Biennale internationale des arts du cirque à Marseille et en région Sud
Biennale internationale des arts du cirque à Marseille et en région Sud
Sixième édition de ce festival hivernal Archaos, Pôle National Cirque, implanté à Marseille depuis 2001, accompagne la création, la diffusion et la pratique des arts du cirque contemporain. Dirigé par Raquel Rache de Andrade, Guy et Simon Carrara, le Pôle national cirque Archaos a créé il y a dix ans cette Biennale qui a lieu les années impaires en janvier et février, avec un programme réparti sur cinquante structures culturelles de la région Sud, Côte d’Azur et à Marseille.
Une belle initiative, avec une mutualisation des ressources pour mettre en lumière la création circassienne aux différentes expressions. Cette année Archaos a voulu privilégier les artistes femmes, connues ou moins connues. Le tout sous la houlette des élus, entre autres, Benoît Payan, maire de Marseille.

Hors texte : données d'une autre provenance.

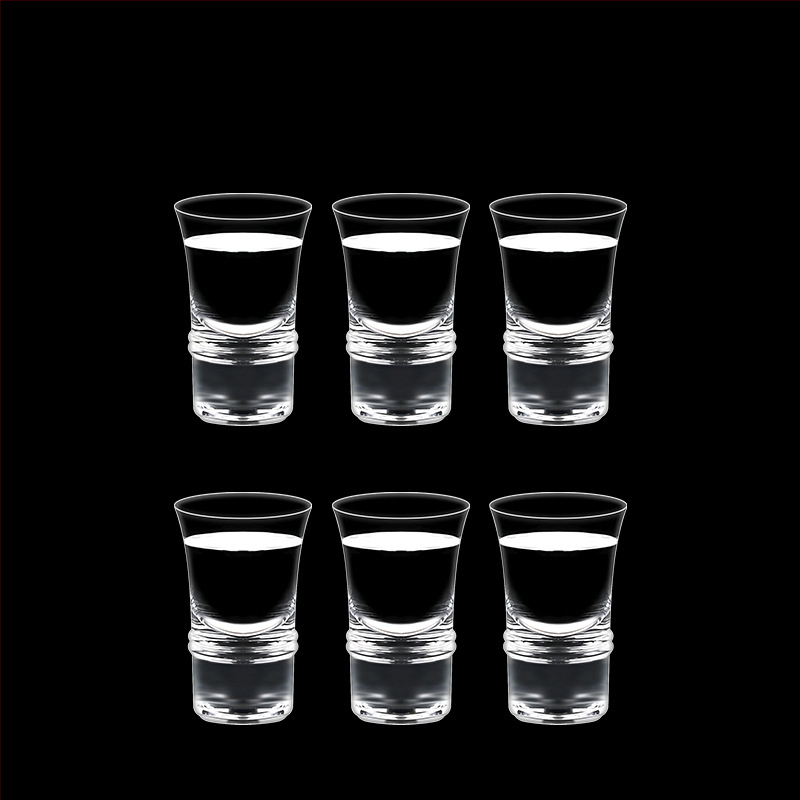 Alkoholinių gėrimų taurė, taurė, maža vyno taurė, spiritinis stiklas, aštuonkampis stiklas, kulkos formos taurė, vienos taurės didmeninė stiklinė taurė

Un ensemble de spectacles à l’organisation impressionnante mais aussi des Rencontres professionnelles réunissant des centaines d’artistes internationaux. Les chapiteaux abritent des spectacles, à la fois exigeants et populaires, notamment sur la grande plage du Prado à Marseille. Pour maintenir le lien avec le public et assurer une présence continue du cirque tout au long de l’année, le Pôle national Cirque Archaos a lancé en 2016 l’Entre 2 BIAC sur un mois entre janvier et février, les années paires, avec une version ciblée sur le seul territoire de Marseille-Métropole. Devenus événements essentiels, la BIAC et l’Entre 2 BIAC contribuent au rayonnement culturel de cette immense ville mais aussi de cette région très peuplée.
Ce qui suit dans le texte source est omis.